“Upcycling” is the kind trash talk we should be having in our social conversations, not the language of vulgarity, hate and prejudice. The message is: don’t waste your trash or throwaway, give it a new purpose, create an inventive use for the same old material to make it cool and stylish like never before.
In case you haven’t noticed, according to one survey a majority of younger generations (59 percent of Generation Z and 57 percent of Millennials) are buying upcycled products. Business of Fashion, the leading digital authority on the global fashion industry, states that Gen-Z has “helped popularize upcycling and reselling used clothes, due to become a $51 billion business by 2025.”
This development is very heartening, something that our climate-challenged world should welcome with open arms.
Upcycling? I think I’ve been there, done it and still doing it.
In my boyhood days, my playfellows and I ingeniously converted empty sardine cans into “cars” using soft drink “tansans” (bottle caps) as wheels. Inept as I was, I even managed to stringtogether a “train car” out of those sardine cans. To have the best-crafted sardine car in our neighborhood was a bragging right. The esteem of our friends was highly prized.
Aside from empty sardine cans, we also collected discarded rubber sandals, which we ingeniously turned into make-believe sailboats and floated down the flowing waters of canals and esteros.

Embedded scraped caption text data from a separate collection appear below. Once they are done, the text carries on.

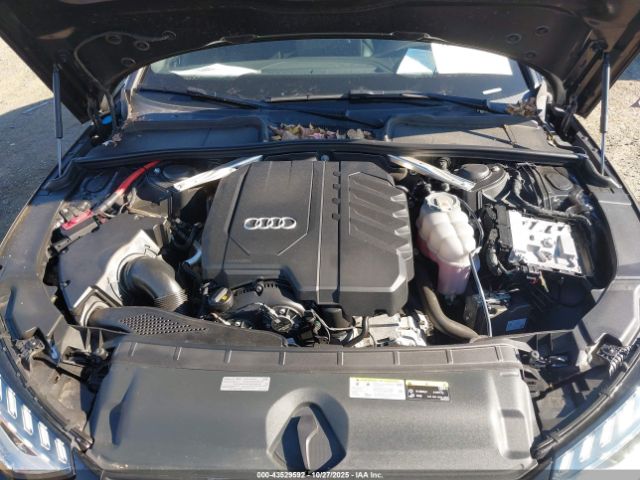 2021 AUDI A4 WAUEAAF48MA043226 Photo 9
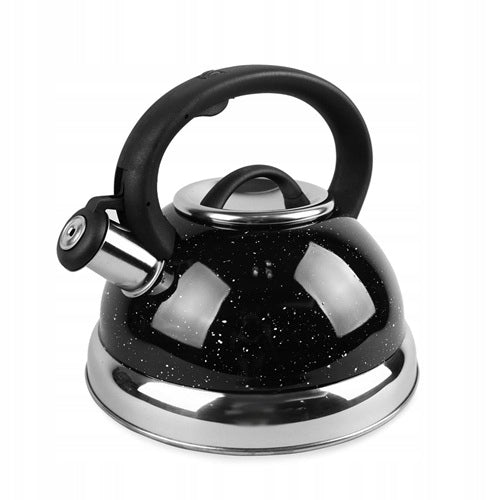 Traditional induction gas kettle 3,0l | Maestro MR-1313-BLACK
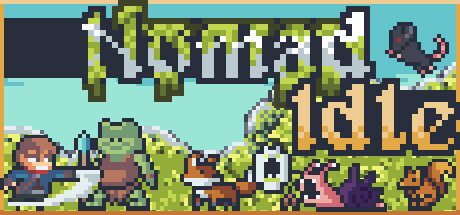 游牧闲置 / Nomad Idle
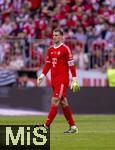 07.08.2025, Fussball Bundesliga 2025/2026, Freundschaftsspiel, Telekom-Cup, FC Bayern Mnchen - Tottenham Hotspur, in der Allianz-Arena Mnchen, Torwart Manuel Neuer (FC Bayern Mnchen)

In our street parties, we danced to the music of an amateur band, we called them “combos” then, which used an empty gasoline drum (salvaged from US liberation army) with wires or strings, as their base instrument.
In hindsight, those were my earliest encounters with upcycling, albeit in its most primitive form.

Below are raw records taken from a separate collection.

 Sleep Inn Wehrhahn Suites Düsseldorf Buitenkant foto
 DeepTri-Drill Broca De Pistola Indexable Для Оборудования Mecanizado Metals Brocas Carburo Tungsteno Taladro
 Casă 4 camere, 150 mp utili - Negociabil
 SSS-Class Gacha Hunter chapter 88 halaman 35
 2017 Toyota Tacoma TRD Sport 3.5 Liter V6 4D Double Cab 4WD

So what exactly is upcycling and what’s good about it?
Remember “Reduce, Re-use, Recycle?” As someone puts it, if reducing, re-using and recycling are siblings, then think of upcycling as their newly arrived, better-looking cousin.
To recycle something is to break the item back down to its raw state, then restore it and reuse it for the same purpose.
With upcycling, you don’t take back the discarded item to its original state. The “old” throwaway material, with some modification, gets turned into a “new” product. It is the same product but creatively re-purposed for another use. Thus, cast-off fabric scraps are collected and turned to rag rugs or cloth wipes. Old newspapers and old bottles are not destroyed. They are polished, redesigned, and given added value as stylish bags or attractive decorative or gift items.
Isn’t that reusing? Yes, but the difference is it’s an upgrade! Its value is increased.
Upcycling is a winning scenario. We help our oceans and waterways get rid of human-made trash. It helps reduce the space in landfills that would otherwise be taken up by our trash. Profitable enterprises that make upcycled products help provide steady income for the jobless and the disadvantaged they employ. Our cities can now hope for a more climate sustainable future.
Let me share my personal thoughts on upcycling. As I said, we need to make it the new conversation of our social media. Beyond that, we need to develop an upcycling mindset.
Having an upcycling mindset stirs up endless creativity and requires a DIY (do it yourself) attitude. Think of the world as one giant upcycling factory. As someone said: “All the trash around us and within us is here for us to upcycle creatively into usable products.” What discarded item can I upcycle today is an exciting reason to get up every morning.
It is also a good approach to personal living. It goads us to throw away our disposable mentality and to make things by ourselves instead of just being consumers.
Even now, I always look for ways to make new uses for disposed stuff. When my granddaughter needed to come up with a miniature diorama for her class, we utilized the box cartons I had been hoarding to cut out dinosaur figures, painted them in bright colors and placed them on flattened cardboards. Her work was highly praised by her teacher!
Which leads me to say that in schools, we should encourage students to design and create upcycled products using materials collected at home and school such as empty plastic cups, T-shirts, old toys, newsprint, magazines, and paper and plastic bags and so on.
An upcycling mindset expands one’s spiritual perspective. In my previous article I talked about having a sense of gratitude towards things that serve us well. Upcycling is a way of practicing respect for things. It’s like rescuing an object from final oblivion and giving it a new lease on life, or a second opportunity to be of service. Or as someone puts it, a new soul.
For instance, those old newspapers and stacks of scratch paper beside you could live a new life as expressive medium for creative artworks made out of paper, such as paper tole art or paper collage painting.
They can still touch us at another point of our lives. An upcycled seat or ironing board could be a conversation piece that leads to deeper talks on nature, art, and history.
More significantly, an upcycling mindset serves as an ongoing invitation or a gentle reminder to upcycle and repurpose yourself. After all your old self is past its expiry date. How do you infuse it with some meaningful value without completely discarding the story of its past?
Let’s leave that question for you to find out for yourself. This conversation is far from over.